Dustin Hoffman apologises after claims of sexual misconduct on film set
The actor said he had the “utmost respect for women”.
Actor Dustin Hoffman has apologised and said he has the “utmost respect for women” following allegations of sexually inappropriate behaviour during the filming of his 1985 film Death Of A Salesman.
Author Anna Graham Hunter, who was 17 when she interned as a production assistant at a film studio in New York, made the allegations against Hoffman in a piece in US trade magazine The Hollywood Reporter (THR).
She claimed that the actor, who was in his late forties at the time, demanded he give her a foot rub and made sexually explicit comments.
“I am sorry. It is not reflective of who I am.”
Hunter, now 49, shared a diary of her time working on the film in a guest column published in THR.

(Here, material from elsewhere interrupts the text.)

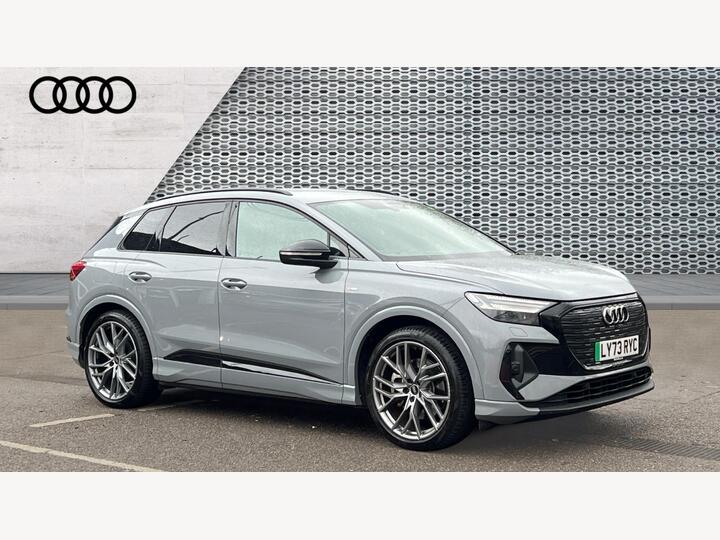 Audi Q4 E-tron 40 Edition 1 Auto 5dr 82kWh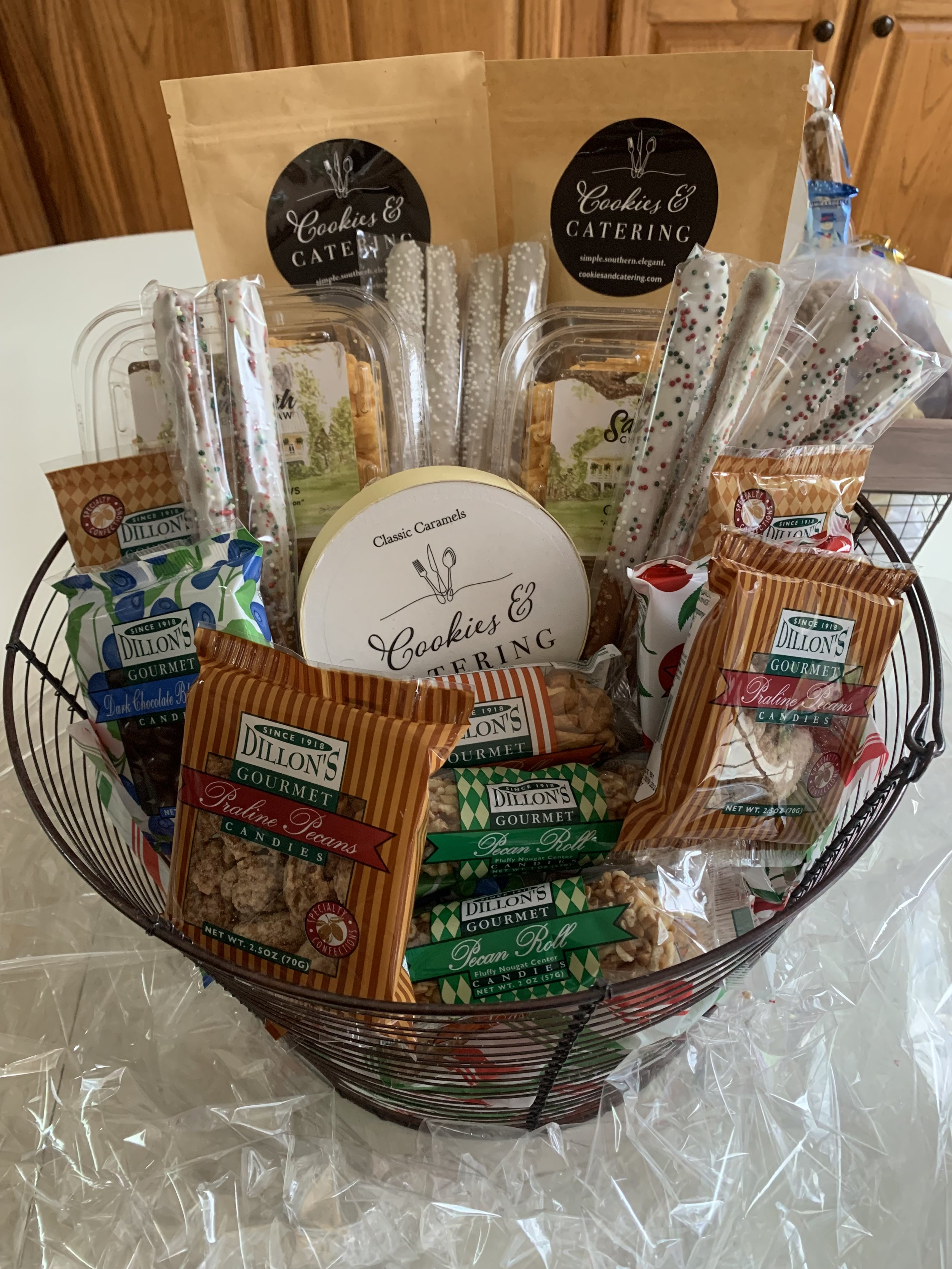 Gourmet Gift Baskets by Crystal's Cookies, Sweets &amp; Treats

Introducing her account, she wrote: “Dustin Hoffman sexually harassed me when I was 17.
“He asked me to give him a foot massage my first day on set; I did. He was openly flirtatious, he grabbed my ass, he talked about sex to me and in front of me.”
Looking back on her experience on the set, Hunter explained that she had mixed feelings about the alleged incidents involving Hoffman, but she wrote: “He was a predator, I was a child, and this was sexual harassment.”
Hoffman, now 80, played Willy Loman in Volker Schlondorff’s adaptation of the famous Arthur Miller play.
Hoffman’s representative did not respond to repeated requests for comment.